Kevin Baxter, Los Angeles Times on

Published in Soccer

LOS ANGELES — Angel City, the most valuable franchise in the history of U.S. women's sports, might soon have a new controlling owner after its board hired a New York investment bank to manage a sale of the NWSL club.

The team's four principle owners voted to have Moelis & Co. seek an investor that would assume control of Angel City's board, which has reportedly been at odds for months over spending.

But Sarah Harden, a media entrepreneur and one of Angel City's earliest investors, characterized the search for a new controlling owner as fundraising.

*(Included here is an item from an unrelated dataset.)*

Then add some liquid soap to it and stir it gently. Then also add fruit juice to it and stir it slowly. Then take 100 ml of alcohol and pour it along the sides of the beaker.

"Angel City is exactly where it needs to be as a club," she said. "What's been built at Angel City in three short years is nothing short of incredible. And in high-growth companies it is absolutely normal to step back and look at 'what do we need to continue this growth?'

"This board has determined that this is the right time to bring in a new major investor. That's it. That is the story."

Yet maybe not the whole story.

 

Angel City, which will open its third season Sunday against expansion team Bay FC, is valued at $180 million, about three times the average for an NWSL team, according to the sports-business website Sportico, which Friday broke the story about the team's search for a controlling owner. The team's revenue last year was $31 million, according to the website, nearly double the next-best team.

The team also spent more than any other NWSL club, which led to a major rift among the team's four original investor-owners, who have been feuding for about six months.

None of the board members would speak on the record, citing a nondisclosure agreement meant to keep the talks private. But multiple league and team officials, who would speak only on condition of anonymity given the sensitive nature of the matter, said tech entrepreneur Alexis Ohanian, a founding owner, pushed for the change because of his unhappiness over the team's profligate spending.

"It's messy," said one official, who was not authorized to speak about the power struggle on the record.